While this must have been a challenging time for jobactive workers (who have some been told to engage ‘proactively’ with job seekers without the use of the coercive authority of sanctions) it is clear that the need to chase job outcomes was still embedded in the practices of their employers. The pressure to get people to sign job plans is also likely have been an inefficiency problem because of the sudden doubling of the jobactive caseload, and the need for the dormant workforce to meet with all the new job seekers (online or by phone in the main part) within time-frames much shorter than usual. Indeed, data from the Department of Employment confirms that the jobactive caseload doubled since March.

Source: Labour Market Information Portal (30 July 2020)

Source: Labour Market Information Portal (30 July 2020)

But it is concerning that the jobactive system successfully lobbied to save itself from starvation as the numbers of job outcomes payments it receives has been disrupted by the COVID economic shock. In fact, it has been getting a massive cash boost while it deals with the sudden doubling of ‘job seeker’ numbers. There has also been a temporarily shift in the payment model from 30/70 to 50/50 (administration fees versus outcome fees). This means the average administration fee for every job seeker has increased and that the (tax-payers) cash injection to the jobactive system is even higher than that predicted in the recent Per Capita discussion papers.

The decision to impose 4 week payment cancellations for people who refuse jobs (and job interviews) from the 4th August (while keeping other job search requirements penalty free) provides a strong indication that the government intends to use employment services to get people into jobs quickly through the same use of threats and coercion that it has relied on in the past. It should  escape no-one that these ‘suitable jobs’ might be contingent jobs in meat-works, distribution centres, security and Aged-Care where lax employment, training and PPE practices have contributed to the spread COVID and where people have not had recourse to take paid leave so that they can stay in isolation.

While Victoria remains in lockdown and there are worrying signs that COVID re-emerging elsewhere, the role of jobactive job referrals in the potential spread of COVID needs attention.

The issues with the jobactive system reflect the fact that the government is not prepared to abandon market approaches that were designed in another millennia, or even a decade ago, and for what is now a very different labour market and economy. The big question about jobactive now, is whether this cashed-up system will actually help people find jobs. It has long been difficult to establish whether being connected to a jobactive agency has a direct influence on getting jobs, but it is well-known that most job seekers find their own jobs, for which the jobactive agencies get paid anyway.

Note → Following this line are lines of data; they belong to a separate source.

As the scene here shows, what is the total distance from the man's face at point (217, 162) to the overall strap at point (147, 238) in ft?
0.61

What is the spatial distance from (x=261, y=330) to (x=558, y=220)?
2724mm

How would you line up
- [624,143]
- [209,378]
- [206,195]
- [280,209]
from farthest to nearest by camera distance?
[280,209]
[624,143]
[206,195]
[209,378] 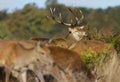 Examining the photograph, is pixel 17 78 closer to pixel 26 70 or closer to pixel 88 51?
pixel 26 70

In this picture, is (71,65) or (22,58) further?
(71,65)

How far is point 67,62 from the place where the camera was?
13.7 m

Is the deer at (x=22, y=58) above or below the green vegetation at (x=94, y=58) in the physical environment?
above

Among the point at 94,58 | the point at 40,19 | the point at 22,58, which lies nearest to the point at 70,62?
the point at 94,58

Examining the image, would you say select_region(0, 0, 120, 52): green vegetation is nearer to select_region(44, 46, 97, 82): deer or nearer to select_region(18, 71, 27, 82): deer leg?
select_region(44, 46, 97, 82): deer

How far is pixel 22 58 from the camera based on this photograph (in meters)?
12.9

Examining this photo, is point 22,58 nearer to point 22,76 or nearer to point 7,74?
point 22,76

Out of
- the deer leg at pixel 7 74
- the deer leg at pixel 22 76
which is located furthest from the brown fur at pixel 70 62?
the deer leg at pixel 7 74

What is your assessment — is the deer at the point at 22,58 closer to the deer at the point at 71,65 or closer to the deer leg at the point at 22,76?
the deer leg at the point at 22,76

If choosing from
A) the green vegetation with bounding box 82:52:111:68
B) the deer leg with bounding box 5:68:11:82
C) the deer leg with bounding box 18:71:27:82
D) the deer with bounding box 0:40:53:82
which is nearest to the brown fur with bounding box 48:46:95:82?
the deer with bounding box 0:40:53:82

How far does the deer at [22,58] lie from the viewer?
12672 mm

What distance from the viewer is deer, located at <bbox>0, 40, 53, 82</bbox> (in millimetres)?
12672

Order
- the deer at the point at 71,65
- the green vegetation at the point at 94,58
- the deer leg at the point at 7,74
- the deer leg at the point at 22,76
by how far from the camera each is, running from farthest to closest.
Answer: the green vegetation at the point at 94,58
the deer at the point at 71,65
the deer leg at the point at 22,76
the deer leg at the point at 7,74

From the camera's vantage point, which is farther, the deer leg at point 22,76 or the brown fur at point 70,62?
the brown fur at point 70,62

It is more relevant than ever to be asking what benefit there is in continuing to fund a $1.7b system that is unlikely to do much more than point people to the online job services like SEEK and Indeed where most employers advertise.  

The current suspension of mutual obligation has been temporary pivot, and hasn’t changed the practices, incentives or behaviours of the jobactive system that has been such a problem for so long.  We wait to learn what activities besides Work for the Dole and PaTH EST will be available for the large numbers of young unemployed people who have been casualties of the economic shock. To date there are no signs that anyone should expect anything different to what there has been in the past.

Further, if jobactive agencies are to adapt to the present labour market conditions they willl need to unlearn the old outcome payment incentive driven behaviours and adapt their organisational practices to post COVID unemployment. This requires skilled engagement with emerging labour market opportunities, not just for the insecure cleaning and security jobs that have proliferated since COVID. It also means ceasing needless hassling of unemployed workers the majority of whom, will work again when they can.